• [Exercise objective]
Retype each record exactly, please. Skip none.

Data for this exercise: Begin

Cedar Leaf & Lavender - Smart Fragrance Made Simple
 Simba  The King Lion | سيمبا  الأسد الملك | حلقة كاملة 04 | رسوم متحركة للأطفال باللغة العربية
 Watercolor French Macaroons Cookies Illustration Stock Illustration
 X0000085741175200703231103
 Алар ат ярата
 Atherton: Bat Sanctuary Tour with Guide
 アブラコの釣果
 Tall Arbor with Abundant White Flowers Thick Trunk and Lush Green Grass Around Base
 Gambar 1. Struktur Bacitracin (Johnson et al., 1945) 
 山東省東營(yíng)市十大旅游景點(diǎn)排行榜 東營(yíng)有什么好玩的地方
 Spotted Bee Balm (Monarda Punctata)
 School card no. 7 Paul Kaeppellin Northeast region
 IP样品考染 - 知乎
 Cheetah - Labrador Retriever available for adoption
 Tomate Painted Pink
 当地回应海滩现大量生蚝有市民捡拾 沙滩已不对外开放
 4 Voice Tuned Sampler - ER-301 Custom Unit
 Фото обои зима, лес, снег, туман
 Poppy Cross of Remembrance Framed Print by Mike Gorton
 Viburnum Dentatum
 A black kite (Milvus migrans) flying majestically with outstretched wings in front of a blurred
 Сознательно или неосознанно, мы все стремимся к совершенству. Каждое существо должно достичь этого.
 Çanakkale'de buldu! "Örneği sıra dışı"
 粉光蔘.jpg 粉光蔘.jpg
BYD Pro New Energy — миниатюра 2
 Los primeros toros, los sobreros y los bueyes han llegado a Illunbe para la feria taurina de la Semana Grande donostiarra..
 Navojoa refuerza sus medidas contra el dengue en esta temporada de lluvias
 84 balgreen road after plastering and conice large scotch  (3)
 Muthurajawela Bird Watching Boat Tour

Data for this exercise: End

• [Answer section]
Cedar Leaf & Lavender - Smart Fragrance Made Simple
 Simba  The King Lion | سيمبا  الأسد الملك | حلقة كاملة 04 | رسوم متحركة للأطفال باللغة العربية
 Watercolor French Macaroons Cookies Illustration Stock Illustration
 X0000085741175200703231103
 Алар ат ярата
 Atherton: Bat Sanctuary Tour with Guide
 アブラコの釣果
 Tall Arbor with Abundant White Flowers Thick Trunk and Lush Green Grass Around Base
 Gambar 1. Struktur Bacitracin (Johnson et al., 1945) 
 山東省東營(yíng)市十大旅游景點(diǎn)排行榜 東營(yíng)有什么好玩的地方
 Spotted Bee Balm (Monarda Punctata)
 School card no. 7 Paul Kaeppellin Northeast region
 IP样品考染 - 知乎
 Cheetah - Labrador Retriever available for adoption
 Tomate Painted Pink
 当地回应海滩现大量生蚝有市民捡拾 沙滩已不对外开放
 4 Voice Tuned Sampler - ER-301 Custom Unit
 Фото обои зима, лес, снег, туман
 Poppy Cross of Remembrance Framed Print by Mike Gorton
 Viburnum Dentatum
 A black kite (Milvus migrans) flying majestically with outstretched wings in front of a blurred
 Сознательно или неосознанно, мы все стремимся к совершенству. Каждое существо должно достичь этого.
 Çanakkale'de buldu! "Örneği sıra dışı"
 粉光蔘.jpg 粉光蔘.jpg
BYD Pro New Energy — миниатюра 2
 Los primeros toros, los sobreros y los bueyes han llegado a Illunbe para la feria taurina de la Semana Grande donostiarra..
 Navojoa refuerza sus medidas contra el dengue en esta temporada de lluvias
 84 balgreen road after plastering and conice large scotch  (3)
 Muthurajawela Bird Watching Boat Tour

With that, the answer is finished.